SS CORPO E SANGUE DI CRISTO-SOLENNITA’-LITURGIA PROPRIA
1 Giugno 2024 / by Padre Angelico / Commenti al vangelo / anticristo, corpo-e-sangue-di-cristo, corpus-domini, i-tempi-della-chiesa, il-ritorno-di-gesù, le-due-venute-di-gesù, padre-angelico, padre-angelico-maria-moccia, vangelo, Vangelo-di-Marco
Vangelo Commentato dai Padri
SS CORPO E SANGUE DI CRISTO-SOLENNITA’-LITURGIA PROPRIA
Vangelo di Marco 14,12-16;22-26
Il primo giorno degli Azzimi, quando si immolava la pasqua, i discepoli dissero a Gesù: «Dove vuoi che andiamo a preparare perché tu possa mangiare la Pasqua?». Allora mandò due dei suoi discepoli dicendo loro: «Andate in città e vi verrà incontro un uomo con una brocca d’acqua; seguitelo e là dove entrerà dite al padrone di casa: Il Maestro dice: Dov’è la mia stanza, perché io vi possa mangiare la Pasqua con i miei discepoli? Egli vi mostrerà al piano superiore una grande sala con i tappeti, già pronta; là preparate per noi».

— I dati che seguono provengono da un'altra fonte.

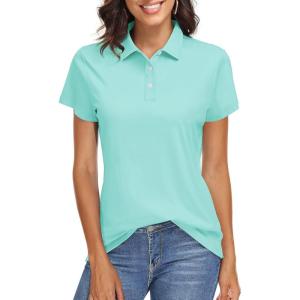 imageTACVASEN Womens Polo Shirts UPF 50 Sun Protection Golf Shirt Short Sleeve Quick Dry 3Button Collared Tops LightweightLight Lake Blue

I discepoli andarono e, entrati in città, trovarono come aveva detto loro e prepararono per la Pasqua.
Mentre mangiavano prese il pane e, pronunziata la benedizione, lo spezzò e lo diede loro dicendo: «Prendete, questo è il mio corpo». Poi prese il calice e rese grazie, lo diede loro e ne bevvero tutti. E disse: «Questo è il mio sangue, il sangue dell’alleanza, versato per molti. In verità vi dico che io non berrò più del frutto della vite fino al giorno in cui lo berrò nuovo nel regno di Dio». E dopo aver cantato l’inno, uscirono verso il monte degli Ulivi.
VERSETTI 12-16
Il primo giorno degli Azzimi, quando immolavano la Pasqua, gli dicono i discepoli: Dove vuoi che andiamo e prepariamo la Pasqua? E manda due dei suoi discepoli e dice loro: Andate in città e troverete un uomo che porta una brocca d’acqua; seguitelo e dovunque entrerà dite al padrone di casa che il Maestro dice: Dov’è la mia stanza, perché io vi possa mangiare la Pasqua con i miei discepoli? Egli vi mostrerà al piano superiore una grande sala con i tappeti, già pronta; là preparate per noi. I discepoli andarono e vennero nella città e trovarono come aveva detto loro e prepararono per la Pasqua.
CRISOSTOMO: Nel momento in cui Giuda trattava del tradimento, gli altri discepoli erano preoccupati dei preparativi della Pasqua; per cui si dice: Il primo giorno degli Azzimi, quando immolavano la Pasqua, gli dicono i discepoli: Dove vuoi che andiamo e prepariamo perché tu possa mangiare la Pasqua?
BEDA: Il giorno degli azzimi era il quattordicesimo giorno del mese. Alla sera di questo giorno si celebrava la Pasqua: cioè si uccideva l’agnello dopo aver gettato via il lievito. È ciò che l’Apostolo spiega in questo modo (1 Cor 5,7): «Cristo, nostra Pasqua, è stato immolato». Sebbene non fosse stato che l’indomani, al quindicesimo giorno della luna, che egli fu crocifisso, fu tuttavia alla sera di quel giorno, nel momento in cui si immolava l’agnello, che egli consacrò l’inizio della sua passione e della sua immolazione dando ai suoi discepoli, per consacrarlo dopo di lui, il suo corpo e il suo sangue, e i Giudei si impadronirono di lui e lo legarono.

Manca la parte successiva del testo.